What is in the budget?
  • The Department of Finance expects the economy to grow by 4.2% in 2016 and 3.5% in 2017, driven by strong domestic demand. The technical assumption in the Department of Finance’s forecasts of euro/sterling of £0.85 in 2017 now looks unlikely. As a result the forecasts underplay the likely impact of Brexit.
  • The current side of the public finances is expected to be in surplus of just over €2 billion including interest payments in 2017. Before interest, the state is running a €8.3 billion current surplus. On the capital it is running a €4.1 billion deficit.
  • Including non-exchequer and one-off items the Government expects the budget to in effect be balanced, with the deficit falling to only -0.4% of GDP in 2017.
  • The budget saw total new policy changes worth €2.1 billion of which €900 million (Lansdowne Road pay increases, and demographic service pressures) had already been baked in. The budget saw the announcement of €1.2 billion of measure of which €905 million went to spending and €295 million went to net tax cuts.
  • The Government has set a new medium term target of debt-to-GDP of 45%, a full 15 percentage points below that required by the EU fiscal rules.


What does it mean for business?


The State is now taking in significantly more than it is spending on day-to-day items. Like any business it has a continuous investment cycle.

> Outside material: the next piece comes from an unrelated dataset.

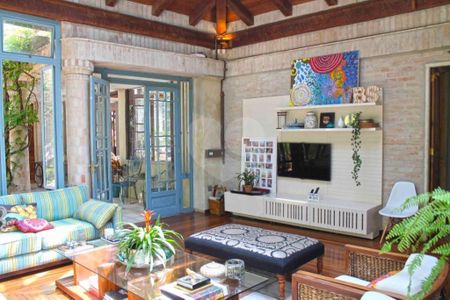 Casa à venda com 7 quartos, 434m² em Santo Amaro, São Paulo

Ibec believes that while the balance on the current side is about right, given the risks in the economy, there is still much left to be desired when it comes to capital spending. The Government has, however, been hamstrung in this regard by the unfavourable treatment of investment under the EU fiscal rules. It remains to be seen how a contingency fund and debt to GDP target of 45% will be appropriate if infrastructural pressures continue to mount. On the mix of tax and spending the government has hit most of the expected targets focusing on quality of life issues such as childcare, housing and education in line with Ibec priorities while making incremental changes to the tax system which will help entrepreneurs.

When it comes to both tax and expenditure the budget has not fully appreciated the scale of the challenge presented by Brexit, with the recent sterling weakness coming as a late shock. Ibec has been outlining for some time that the current change in currency value is structural, not cyclical, and has occurred following fundamental changes to the economic and business environment domestically and in the UK. The likely damage in terms of reduced export volumes and job losses is significant. It is important that this is addressed over the next 60 days in the form of a more comprehensive set of Brexit focused policy responses.